= Jade (British band) =

English folk rock band

Jade was an English folk rock band founded in 1970 by Dave Waite & Marianne Segal, who had been performing as a folk duo since the mid-1960s. In the United States the group was known as Marianne Segal and Silver Jade. Jade consisted of Segal (songwriter, vocals, guitar, percussion), Waite (guitar, banjo, bass and vocals) and Rod Edwards (keyboards, bass and vocals).

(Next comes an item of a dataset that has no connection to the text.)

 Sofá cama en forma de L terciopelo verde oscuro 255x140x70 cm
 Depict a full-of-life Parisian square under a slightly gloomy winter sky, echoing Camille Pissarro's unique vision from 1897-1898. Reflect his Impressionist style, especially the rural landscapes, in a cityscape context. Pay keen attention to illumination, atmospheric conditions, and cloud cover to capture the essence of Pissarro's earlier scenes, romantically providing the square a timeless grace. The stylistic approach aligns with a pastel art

Their album Fly On Strangewings (DJLPS 407) was recorded in March 1970, at Trident Studios, Soho, London. The album was produced by John Miller and engineered by Robin Cable for DJM Records. The following musicians contributed to the album; James Litherland – guitar; Pete Sears – bass; Michael Rosen – guitar; Clem Cattini – drums; Terry Cox – drums; Pete York – drums; Mick Waller – drums; Harry Reynolds – bass; Phil Dennys - string arrangements. The album featured harpsichord, violin as well as guitar instrumentation, combined with male and female vocal harmonies.

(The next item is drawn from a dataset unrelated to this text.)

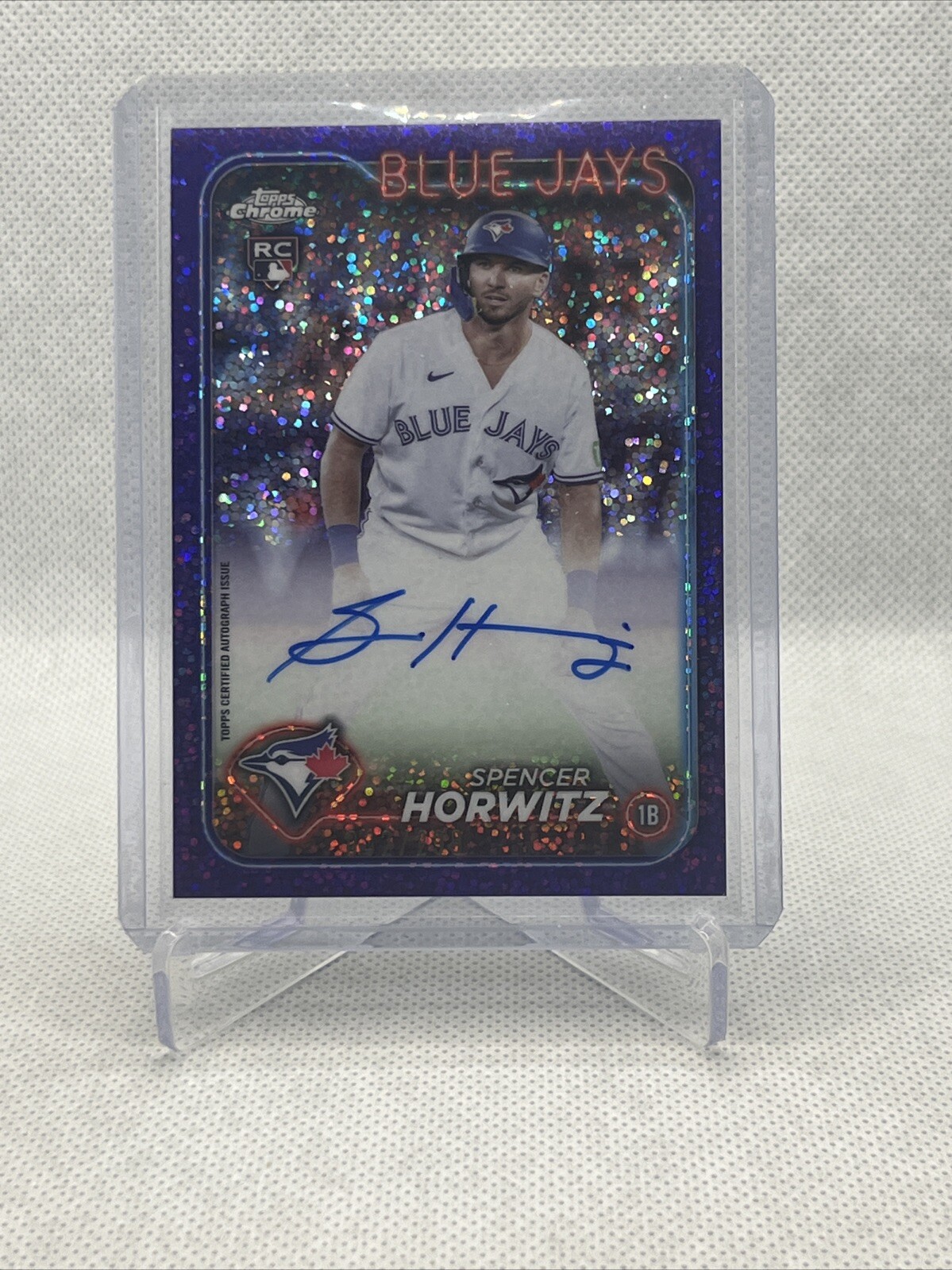 2024 Topps Chrome Spencer Horwitz #RA-SH Purple Speckle Auto RC /299 Blue Jays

Jade disbanded in the autumn of 1971. They reformed for a single performance in November 2004 to mark the CD reissue of their album.

The 2004 reissue of "Fly On Strangewings" on CD added a couple of bonus tracks. The bonus tracks were recorded after the original LP was released in 1970 and include previously unreleased material with John Wetton on bass.